[[ DATASET SECTION open ]]
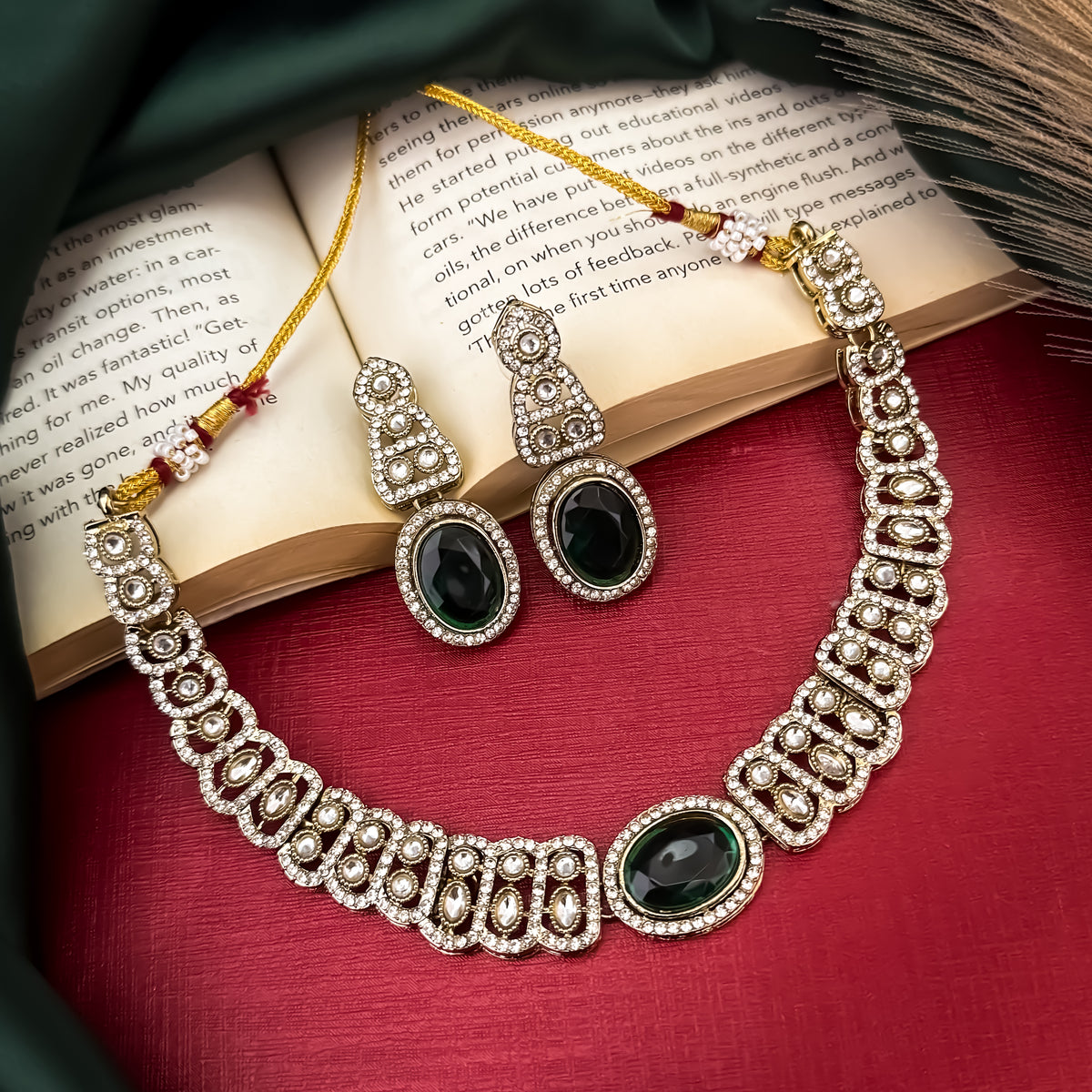 Green Angel Wings Designer Zircone Necklace Set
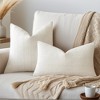 REGALWOVEN Linen Fade-Resistant Soft Solid Minimalist Neutral Throw Pillow Covers 2 Pcs - 2 of 4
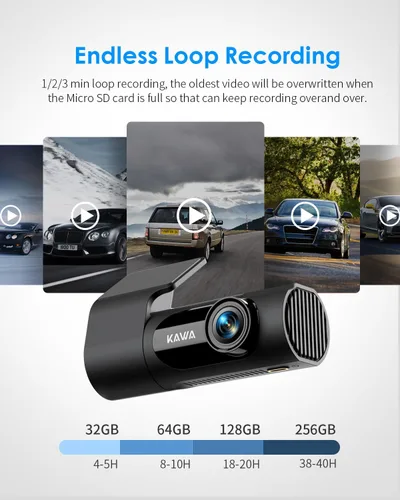 Miniatura 6 de KAWA Dash Cam 2K, cámara WiFi para tablero de automóviles 1440P con control de voz manos libres, visión nocturna, mini cámara frontal oculta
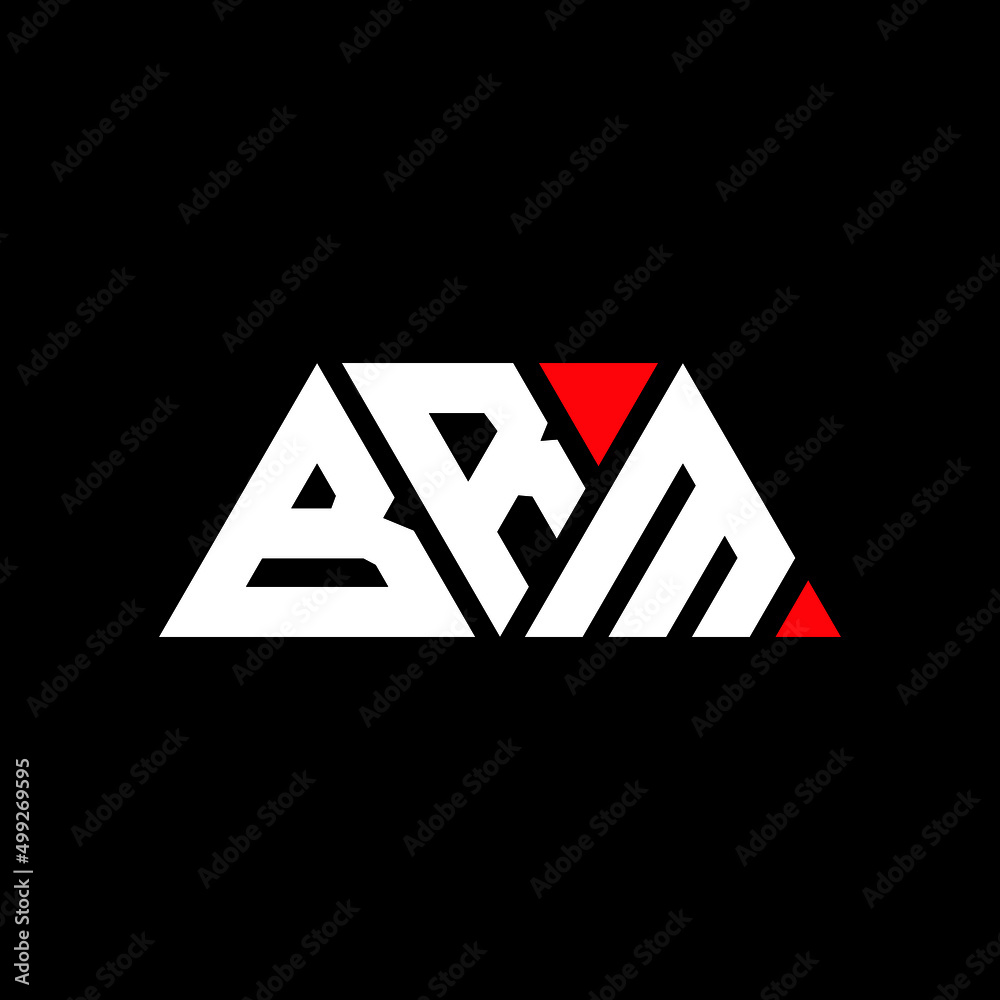BRM triangle letter logo design with triangle shape. BRM triangle logo design monogram. BRM triangle vector logo template with red color. BRM triangular logo Simple, Elegant, and Luxurious Logo...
[[ DATASET SECTION closed ]]
Set down all of the material above exactly as written, leaving the pictures out.

 Green Angel Wings Designer Zircone Necklace Set
 REGALWOVEN Linen Fade-Resistant Soft Solid Minimalist Neutral Throw Pillow Covers 2 Pcs - 2 of 4
 Miniatura 6 de KAWA Dash Cam 2K, cámara WiFi para tablero de automóviles 1440P con control de voz manos libres, visión nocturna, mini cámara frontal oculta
BRM triangle letter logo design with triangle shape. BRM triangle logo design monogram. BRM triangle vector logo template with red color. BRM triangular logo Simple, Elegant, and Luxurious Logo...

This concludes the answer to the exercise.